The largest of all the Cascade lakes, beautiful Wickiup Reservoir is located southwest of Bend, surrounded by the towering pines of the Deschutes National Forest.

  • Oregon’s second largest reservoir, and the largest Cascade lake, covering over 10,300 acres.
  • Beautiful scenery and trophy-size brown trout attract anglers.
  • Set up camp at one of six different campgrounds near the lake and enjoy the fresh mountain air.
  • Only 40 miles southwest of Bend.


Located deep in the Deschutes National Forest southwest of Bend is Wickiup Reservoir. With a water surface of 10,334 acres, it is Oregon’s second largest reservoir and the largest Cascade lake. Surrounded by beautiful Ponderosa and lodgepole pines, the reservoir is also one of the best places in Central Oregon to view wildlife. Outdoor enthusiasts enjoy a variety of activities at Wickiup Reservoir, including camping, fishing, waterskiing, and hiking.

Location & Information

Wickiup Reservoir, Oregon, is located about 40 miles southwest of Bend in the beautiful Cascade Range, via Hwy 97 and forest service roads.

Contact information

Deschutes National Forest, 1001 SW Emkay Drive, Bend, OR 97702 Phone: 541-383-5300.  Visit the website here.


Fishing – Wickiup Reservoir has been named the best lake in Oregon for brown trout fishing. Some of the trout caught there have weighed over 20 pounds, and the average is 5 to 8 pounds. The lake also has salmon, rainbow trout, and mountain whitefish. The best fishing is via boat, although early in the season you can catch a lot from the shore.

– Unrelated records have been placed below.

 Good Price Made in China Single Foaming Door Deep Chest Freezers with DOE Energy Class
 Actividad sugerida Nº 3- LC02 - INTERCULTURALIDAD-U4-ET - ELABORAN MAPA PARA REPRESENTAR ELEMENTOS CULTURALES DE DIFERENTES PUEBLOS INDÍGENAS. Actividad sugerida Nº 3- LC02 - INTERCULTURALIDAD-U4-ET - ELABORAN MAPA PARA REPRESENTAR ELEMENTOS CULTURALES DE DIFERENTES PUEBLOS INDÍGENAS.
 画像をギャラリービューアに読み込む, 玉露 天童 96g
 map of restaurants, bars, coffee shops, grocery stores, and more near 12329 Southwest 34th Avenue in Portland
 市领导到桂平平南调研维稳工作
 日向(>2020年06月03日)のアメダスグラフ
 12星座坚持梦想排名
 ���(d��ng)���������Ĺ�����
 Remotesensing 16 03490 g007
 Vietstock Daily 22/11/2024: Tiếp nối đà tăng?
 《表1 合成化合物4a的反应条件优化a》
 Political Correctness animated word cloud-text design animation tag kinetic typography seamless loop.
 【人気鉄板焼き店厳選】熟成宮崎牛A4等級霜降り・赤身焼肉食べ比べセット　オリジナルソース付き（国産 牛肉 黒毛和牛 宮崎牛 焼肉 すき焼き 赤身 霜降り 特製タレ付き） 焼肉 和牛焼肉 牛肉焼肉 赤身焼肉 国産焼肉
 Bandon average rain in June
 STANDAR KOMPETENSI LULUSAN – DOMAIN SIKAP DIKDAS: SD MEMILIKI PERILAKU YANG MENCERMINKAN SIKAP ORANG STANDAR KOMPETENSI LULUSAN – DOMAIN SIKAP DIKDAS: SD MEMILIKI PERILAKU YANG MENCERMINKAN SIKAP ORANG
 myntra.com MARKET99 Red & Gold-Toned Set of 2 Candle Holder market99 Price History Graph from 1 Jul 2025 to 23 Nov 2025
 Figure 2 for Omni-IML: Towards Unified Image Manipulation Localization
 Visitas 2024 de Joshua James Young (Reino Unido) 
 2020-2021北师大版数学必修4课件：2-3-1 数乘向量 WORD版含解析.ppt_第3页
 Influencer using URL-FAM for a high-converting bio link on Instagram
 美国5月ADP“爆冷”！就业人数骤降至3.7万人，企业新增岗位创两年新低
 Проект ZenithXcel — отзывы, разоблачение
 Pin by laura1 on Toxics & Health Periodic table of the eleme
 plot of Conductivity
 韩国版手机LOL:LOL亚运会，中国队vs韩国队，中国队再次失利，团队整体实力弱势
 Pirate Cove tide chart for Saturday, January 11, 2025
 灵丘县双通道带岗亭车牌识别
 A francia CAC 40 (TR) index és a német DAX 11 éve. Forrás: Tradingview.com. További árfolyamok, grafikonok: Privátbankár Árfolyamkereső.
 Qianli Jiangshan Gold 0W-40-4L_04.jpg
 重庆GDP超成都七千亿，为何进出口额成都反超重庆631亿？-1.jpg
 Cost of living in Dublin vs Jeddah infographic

Camping – There are 6 campgrounds near Wickiup Reservoir, providing scenic spots to set up tent and enjoy the crisp mountain air.

Fun Facts

  • The construction of Wickiup Dam began in 1939, and was completed in 1949.
  • The reservoir’s water surface elevation is 4,336 feet.
  • The water levels of Wickiup Reservoir can vary a lot, causing the shoreline to change significantly as well.
  • The reservoir is named after the “wickiup” poles the Indians once used to make a shelter when they hunted and fished in the area.